Top of SOURCE MATERIAL

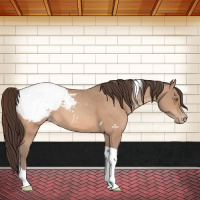Horse Color:Sable Champagne Tobiano Snowcap 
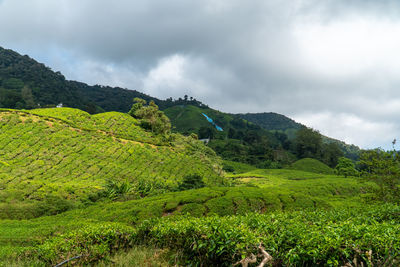 Tea plantation landscape in cameron highlands. green tea garden mountain isolated with cloudy sky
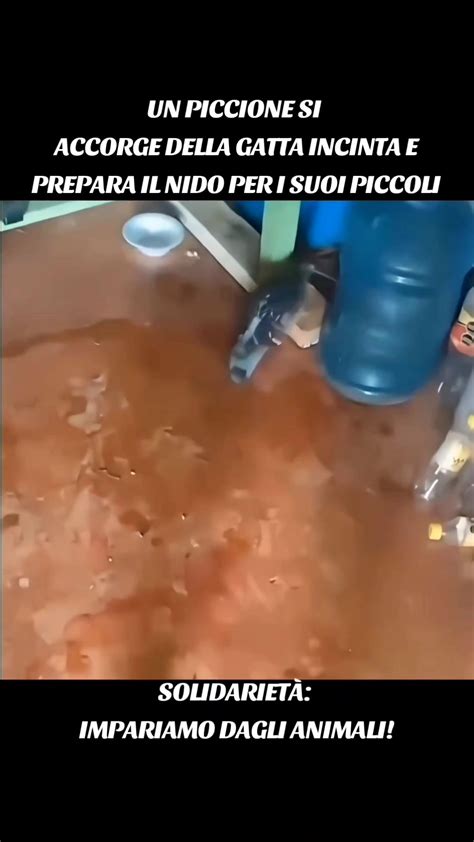 gatta che prepara il nido in un luogo riparato
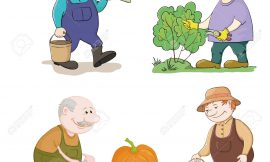 28.07: Dia do Agricultor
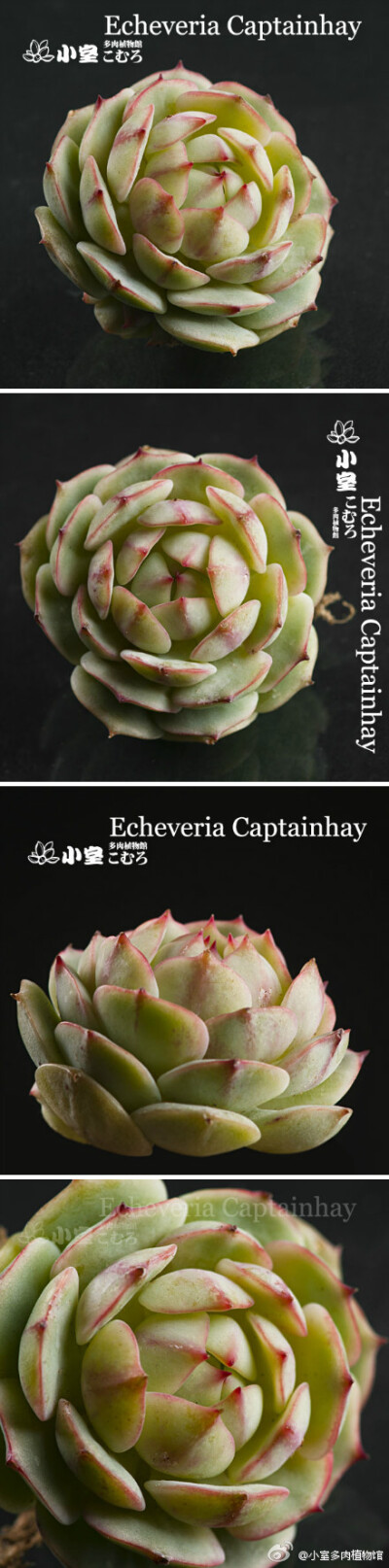 Echeveria Captainhay 这个翻译过来是什么~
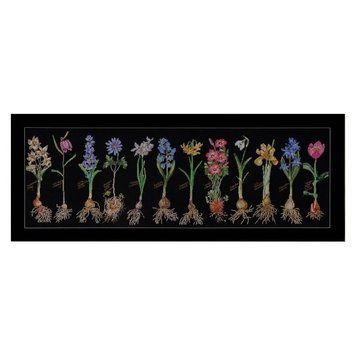 Bulbs Black Aida Набір для вишивання хрестиком Thea Gouverneur gouverneur_1087.05 gouverneur_1087.05 фото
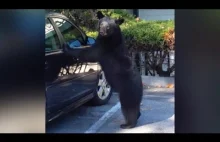 Niedźwiedź otwiera sobie drzwi w samochodzie i bawi się klaksonem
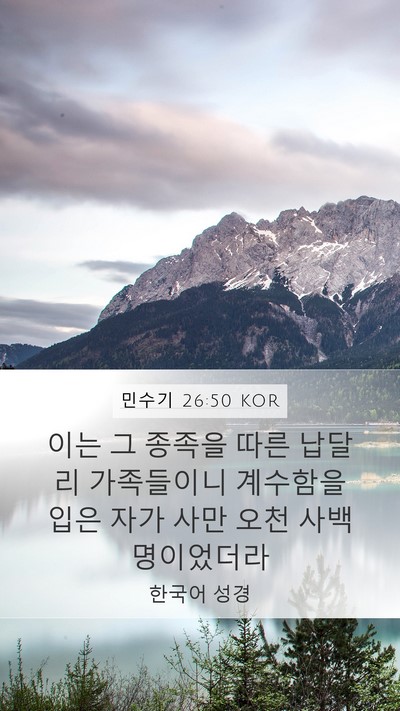 민수기 26:50 KOR Bible Verse Image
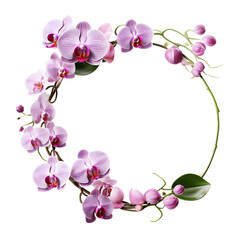Round frame of pink orchid. Floral frame. Isolated on a transparent background. KI.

Bottom of SOURCE MATERIAL

▸ TASK DIRECTIONS
Without the pictures, give all of the entries above again exactly.

▸ RESULT OF THE TASK
Horse Color:Sable Champagne Tobiano Snowcap 
 Tea plantation landscape in cameron highlands. green tea garden mountain isolated with cloudy sky
 gatta che prepara il nido in un luogo riparato
 28.07: Dia do Agricultor
 Echeveria Captainhay 这个翻译过来是什么~
 Bulbs Black Aida Набір для вишивання хрестиком Thea Gouverneur gouverneur_1087.05 gouverneur_1087.05 фото
 Niedźwiedź otwiera sobie drzwi w samochodzie i bawi się klaksonem
 민수기 26:50 KOR Bible Verse Image
Round frame of pink orchid. Floral frame. Isolated on a transparent background. KI.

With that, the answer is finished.